### WHAT TO PRODUCE
Print exactly the lines below between the line containing "Uzelac * אומאג" and the line containing "Property photo for", counting both of those lines. Leave pictures out.

(TASK MATERIAL)

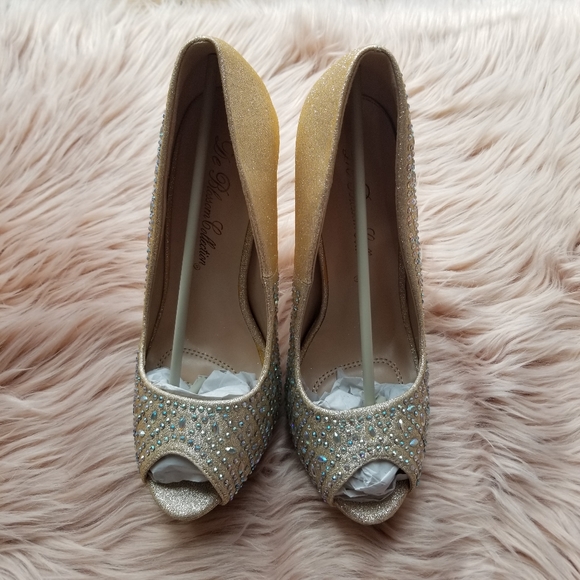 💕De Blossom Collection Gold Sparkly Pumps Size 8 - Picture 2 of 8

(End TASK MATERIAL)
(TASK MATERIAL)

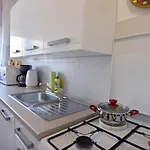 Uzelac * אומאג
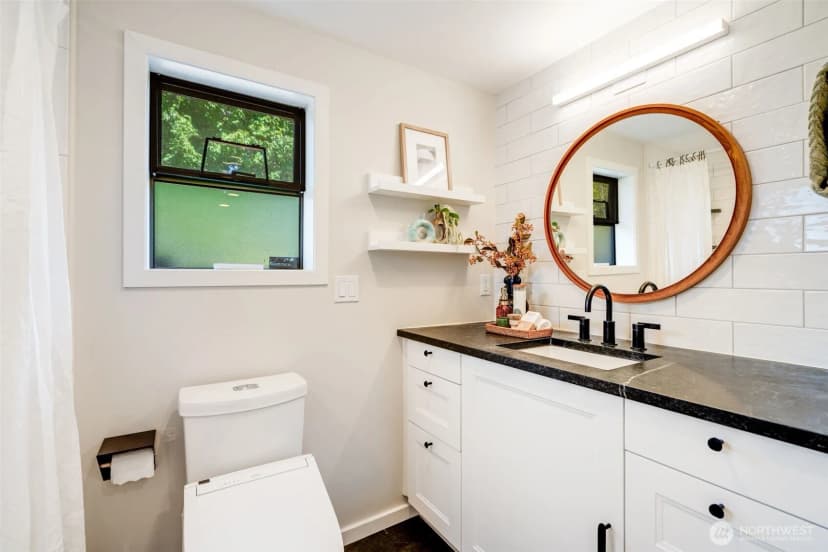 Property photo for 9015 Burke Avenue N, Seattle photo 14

(End TASK MATERIAL)

### SOLVED EXERCISE
 Uzelac * אומאג
 Property photo for 9015 Burke Avenue N, Seattle photo 14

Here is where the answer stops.